*Exercise data*
· · · · ·

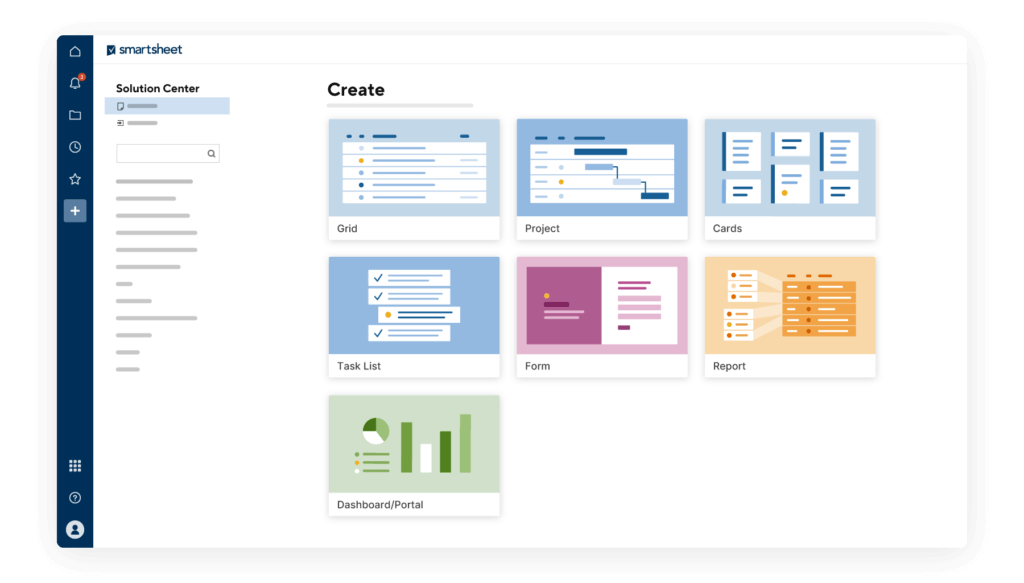 Smartsheet solution center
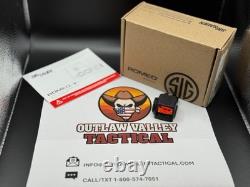 SIG SAUER Romeo-X Pro 24mm Open 6 MOA Red Dot Sight SORX 1060 Black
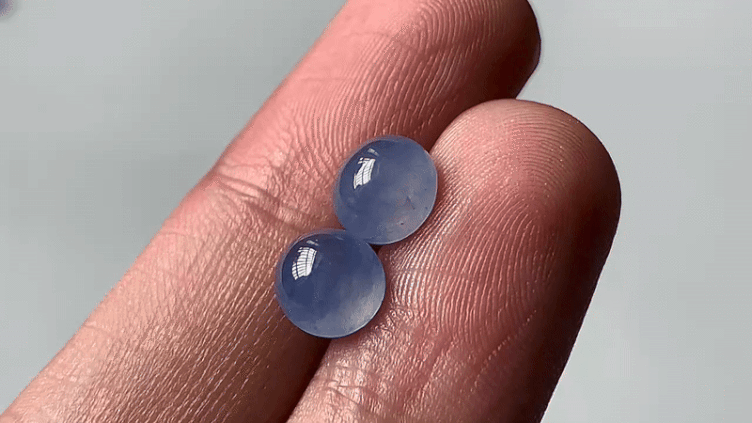 618324 翡翠滿紫色蛋面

· · · · ·

*Work to be completed*
Restate all the material verbatim; omit every picture.

*Solution to this problem*
 Smartsheet solution center
 SIG SAUER Romeo-X Pro 24mm Open 6 MOA Red Dot Sight SORX 1060 Black
 618324 翡翠滿紫色蛋面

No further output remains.